Most divorcing couples in Minnesota want to make the process as painless as possible, especially if they have children. That’s not always easy.
Couples who work together during their divorce save time, money and stress. However, a peaceful process isn’t always possible when one spouse won’t compromise over dividing assets or sharing time with their kids.
Four considerations that can dictate the divorce process
A majority of couples use mediation, negotiation or collaboration to settle their divorce. Those who can’t agree typically resort to litigation and let a judge decide the outcome. Here are four factors to consider when choosing between litigation and cooperation:
- Time: Settlements typically take a few months, and spouses determine when and where they meet. Trials can last more than a year, and your schedule is determined by the court’s calendar.
- Cost: The longer the process takes, the more it will cost. Trials can run well into the five-digit range with attorney fees and court costs. While each divorce is different, settlements can be achieved for a few thousand dollars.

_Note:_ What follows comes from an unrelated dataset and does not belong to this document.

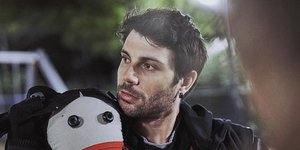 Ο Πάρις Σκαρτσολιάς από το «Καφέ της Χαράς» μπαίνει φαντάρος - Κινδυνεύει να αποχωρήσει από τη σειρά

- Stress: The more time a divorce takes, and the more it costs, the more stressful the process will likely be. Trials are, by nature, contentious and focus on areas of past disagreements. Mediation and collaboration are more focused on the future and give both parties flexibility to determine the subjects and tone of their discussions.
- Outcome: Of these four factors, this is the one where going to trial may be your best or only option. If your spouse wants a greater share of marital assets or more time with your kids and won’t compromise, taking them to trial may the only way for an equitable outcome.
Choose reason over emotion
It’s advisable to work with an experienced family law attorney who understands the benefits of mediation or collaboration but will fight diligently for you in court if necessary.
Couples who work together determine their own futures instead of leaving those issues up to a judge. For parents, cooperation during divorce also helps establish a mechanism to work through future disagreements involving their children.